German universities still face uncertainty over inflation and energy costs, but a flurry of political decisions and deals means they enter a winter recession with growing budgets ahead.
At the start of November, Germany’s federal and regional governments agreed to stick by a year-old pact from the former to increase spending on teaching by at least 3 per cent a year from 2023 to 2027, matching a longstanding settlement for research and innovation.
Frank Ziegele, the executive director at the Centre for Higher Education, a thinktank, told Times Higher Education he was surprised the federal “traffic light” coalition, made up of the “red” Social Democrats, the “yellow” Free Democratic Party (FDP) and the Greens were able to keep their 3 per cent commitment. “I have to say I didn’t expect that any more. I think that’s really a success, that they kept their promise,” he said.
The President of the German Rectors’ Conference (HRK), Peter-André Alt, said a €676 million (£596 million) boost to the previously agreed five-year budget for teaching and learning was “ground-breaking”, taking it to €20.8 billion.
On 14 November the federal economy ministry said Germany was likely to slide into a recession over the winter, with 2023’s economic output down 0.4 per cent compared with this year.
The confirmation that Europe’s largest economy is contracting comes at the tail-end of a grim year for public purses, with universities across central Europe freezing recruitment, teaching remotely and lengthening holidays to control spiralling energy costs.
Professor Ziegele said many universities were talking to the regional governments that fund them about help to meet energy costs, but that it was unclear how negotiations were likely to end. Research intensity was a major cost factor, he said, with one large technical university facing an increase in energy costs of €16 million.

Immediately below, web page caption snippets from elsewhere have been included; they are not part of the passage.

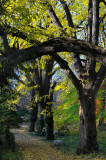 Bailey Arboretum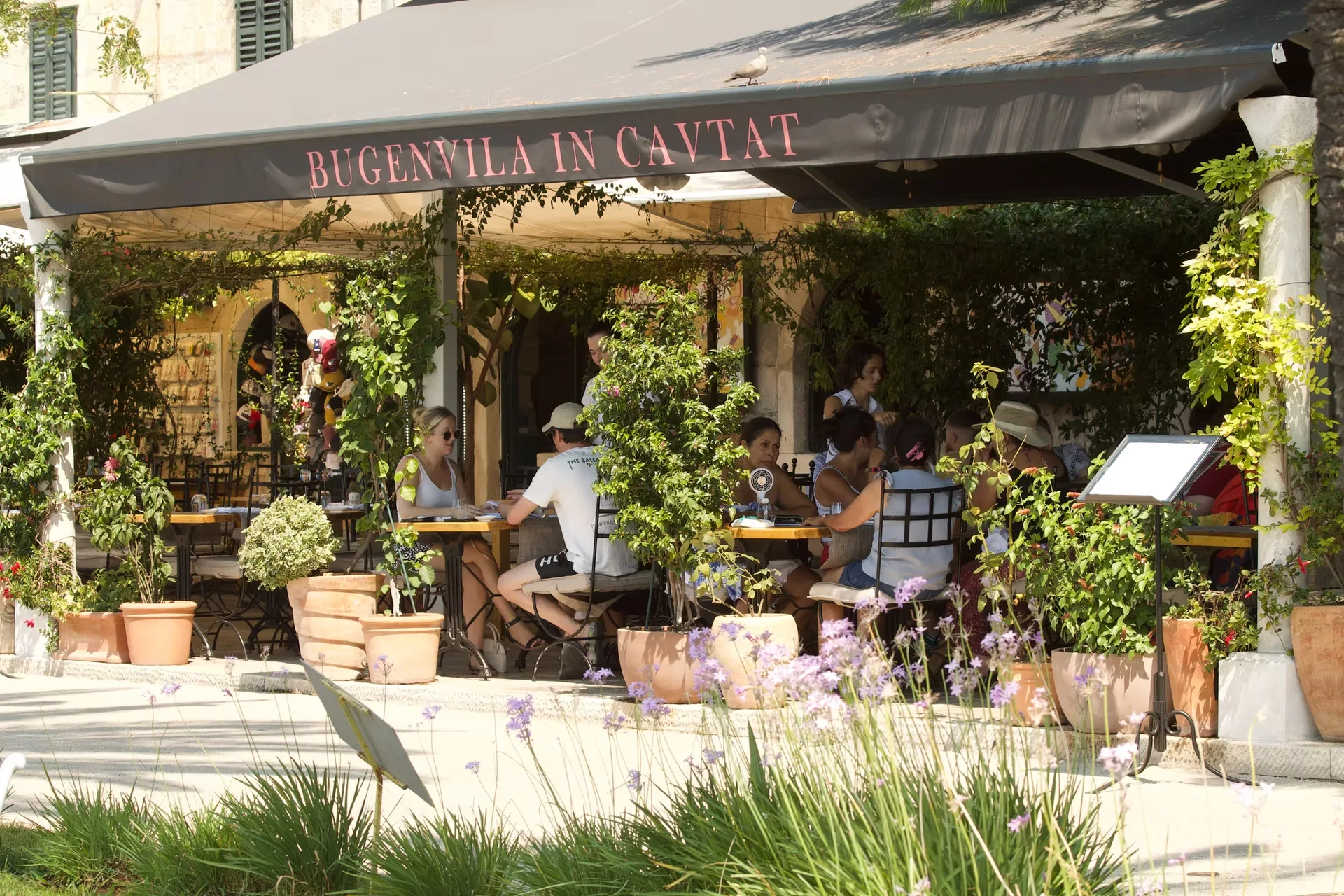 Bugenvila — photo 10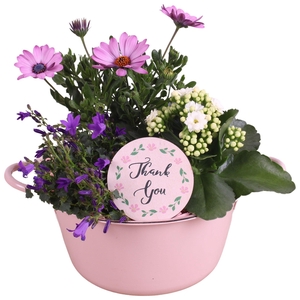 Mothersday Arr. Outdoor Zinc Bowl With Handles Pink Ø22cm 3PP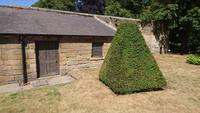 Pyramidenhecke in Alnwick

“What is a real success is that it seems we are able to keep the universities open this winter. This is something everyone agrees in Germany,” he said, adding that a return to online teaching would be a “disaster”. In contrast, keeping up in-person teaching was now an “implicit” expectation, after politicians’ generosity.
At the same meeting, science ministers also backed proposals to broaden the next round of Germany’s Excellence Strategy. From 2026, the strategy will fund up to 70 “clusters of excellence”, up from the current 57, while the funding set aside for the prestigious programme will rise by €154 million to €687 million.
“In an ideal world it would’ve been much more, but in the real world it’s a pretty fantastic result,” said Jan Wöpking, managing director of the German U15, a lobby group for research-intensive universities. “Given what’s possible these days, it’s pretty close to a best-case scenario.”
Without the extra clusters the arduous application process, which can take years and puts a dent in grant-writers’ publishing output, would not be worthwhile, he added. “It comes with a cost and this cost they will only accept if there’s a fair chance at least of securing funding for a cluster. This is why it was cheered throughout the community,” he said.
The Bundestag budget committee also came through for academia, reversing proposed cuts to the 2023 budget of the German Academic Exchange Service. Its president, Joybrato Mukherjee, praised federal parliamentarians for the €31 million uplift in a “difficult budgetary situation”.
There were a couple of losers. While the committee unblocked funds to set up the German Agency for Transfer and Innovation, the amounts agreed were lower than many expected, Professor Ziegele said. There was also no mention of teacher training funding promised in the coalition deal, he said.